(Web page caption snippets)
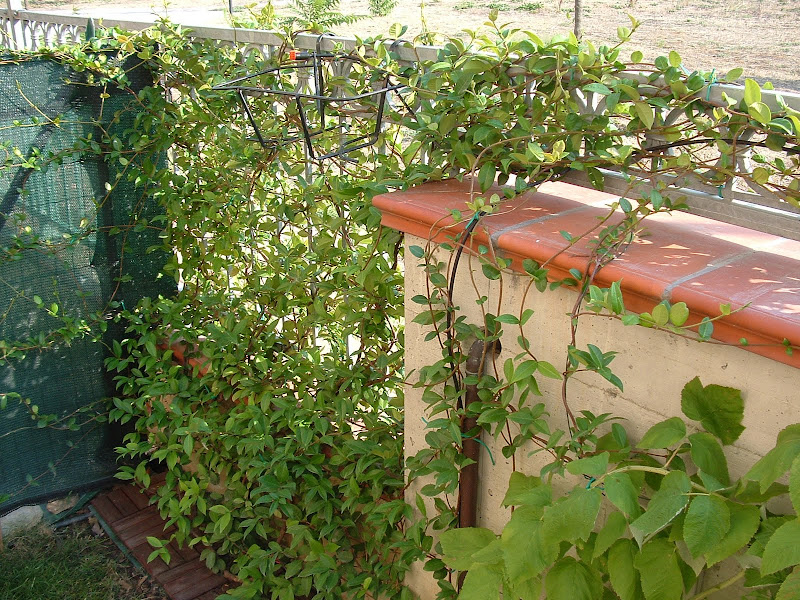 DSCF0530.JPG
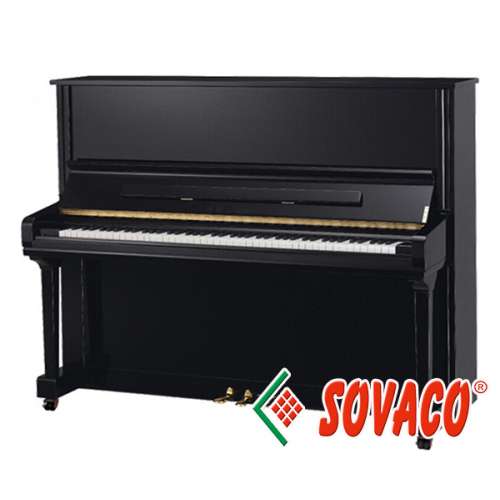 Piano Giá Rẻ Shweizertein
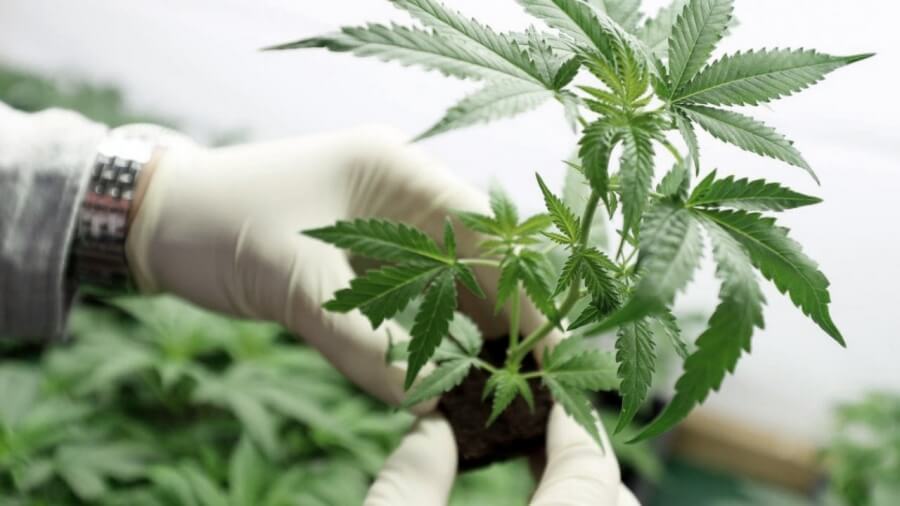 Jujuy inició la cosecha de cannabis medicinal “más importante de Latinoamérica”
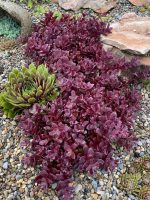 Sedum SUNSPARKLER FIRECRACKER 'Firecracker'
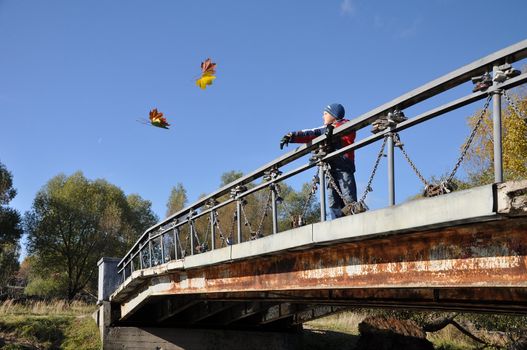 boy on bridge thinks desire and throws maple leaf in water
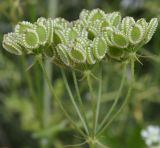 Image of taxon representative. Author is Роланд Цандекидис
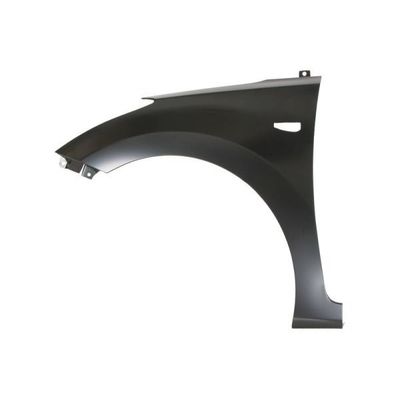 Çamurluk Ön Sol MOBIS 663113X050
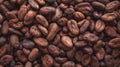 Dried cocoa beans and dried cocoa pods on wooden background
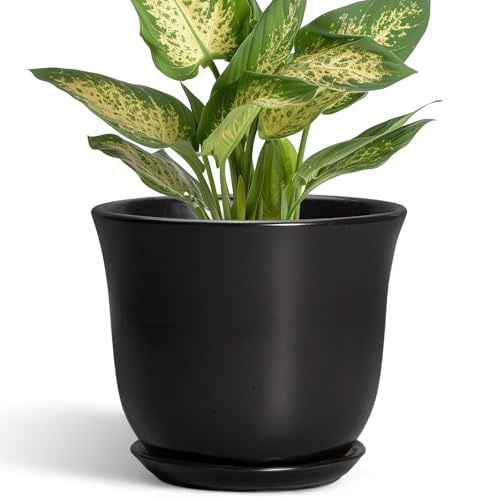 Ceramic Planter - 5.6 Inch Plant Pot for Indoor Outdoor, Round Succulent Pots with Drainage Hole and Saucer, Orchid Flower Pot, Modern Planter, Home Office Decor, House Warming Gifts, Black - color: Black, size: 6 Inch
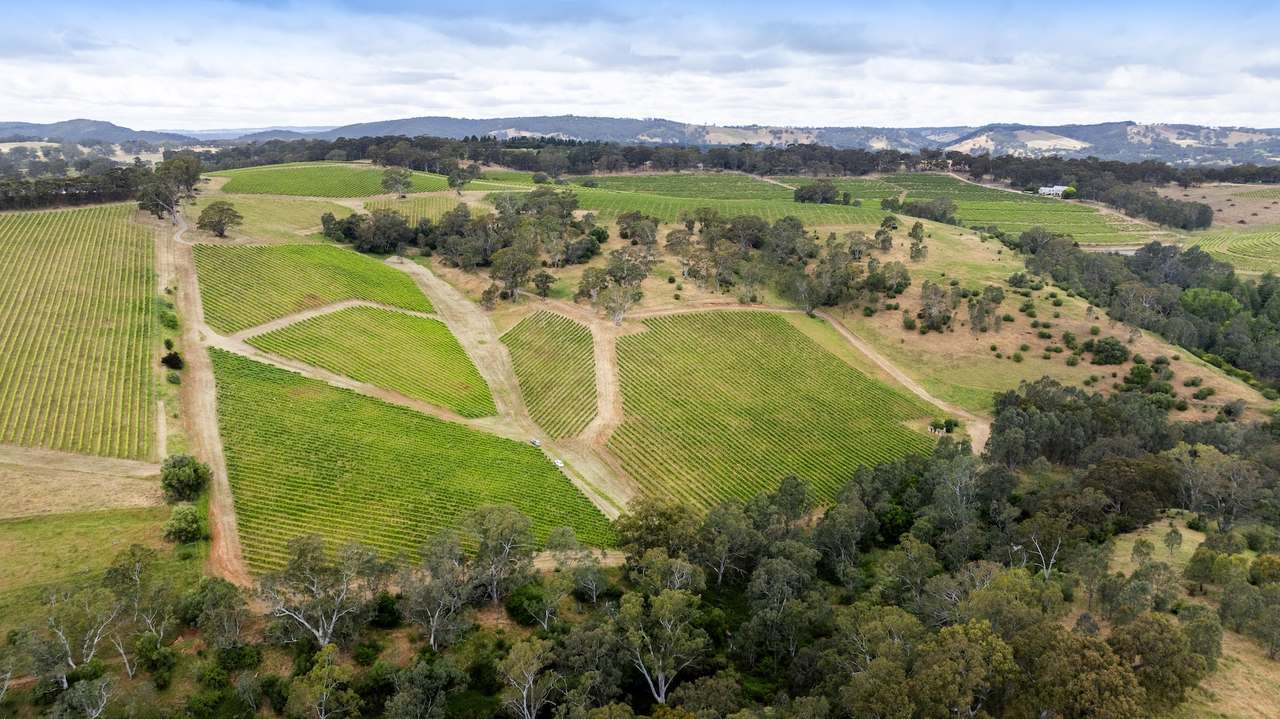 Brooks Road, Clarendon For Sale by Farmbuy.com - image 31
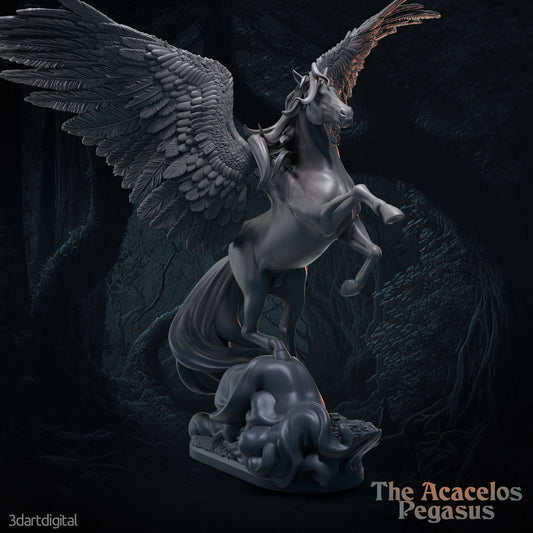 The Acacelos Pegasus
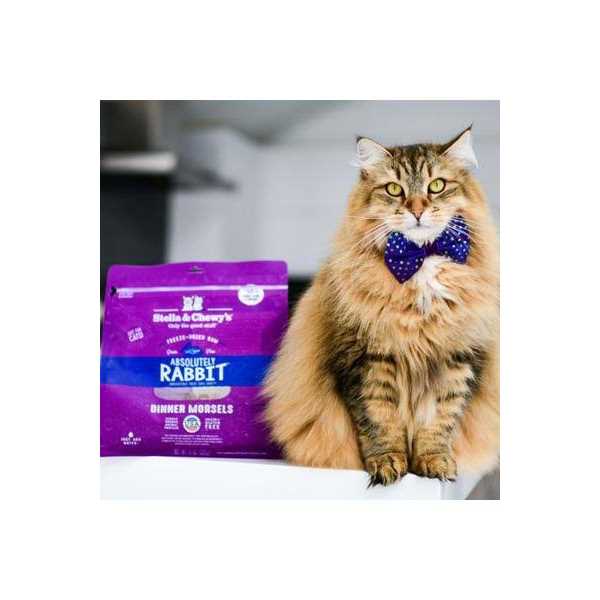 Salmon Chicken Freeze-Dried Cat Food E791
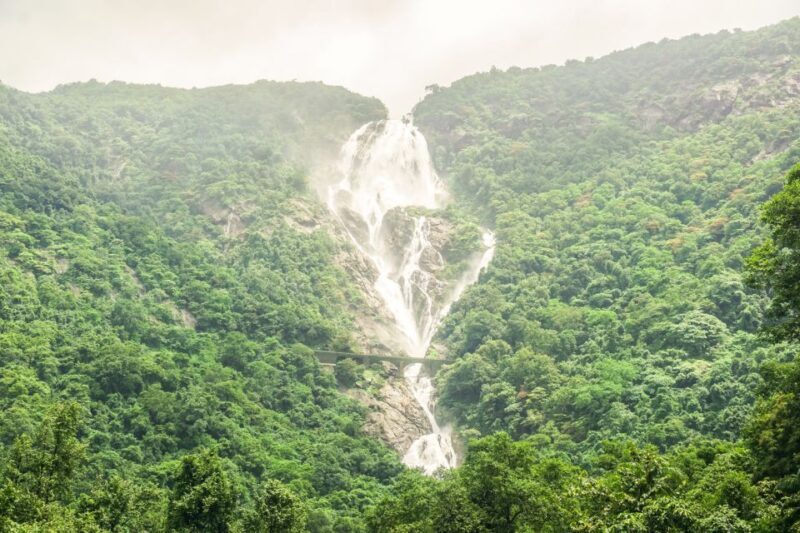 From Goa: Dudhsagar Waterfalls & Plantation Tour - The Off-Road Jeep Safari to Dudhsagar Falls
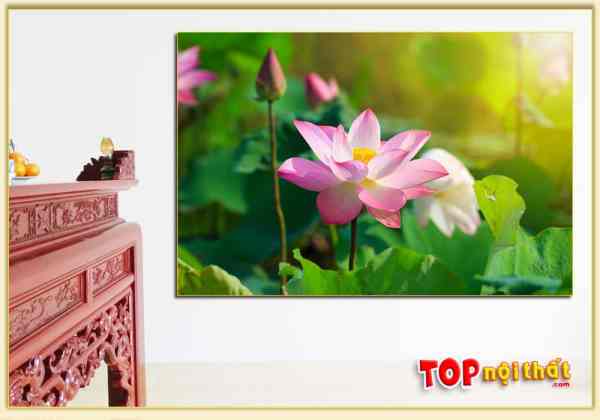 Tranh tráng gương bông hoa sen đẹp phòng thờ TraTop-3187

> [Your assignment] Include the first line of the records, the line containing "Dried cocoa beans", and every line between them, repeated exactly. Skip the pictures.

> [Written solution]
 DSCF0530.JPG
 Piano Giá Rẻ Shweizertein
 Jujuy inició la cosecha de cannabis medicinal “más importante de Latinoamérica”
 Sedum SUNSPARKLER FIRECRACKER 'Firecracker'
 boy on bridge thinks desire and throws maple leaf in water
 Image of taxon representative. Author is Роланд Цандекидис
 Çamurluk Ön Sol MOBIS 663113X050
 Dried cocoa beans and dried cocoa pods on wooden background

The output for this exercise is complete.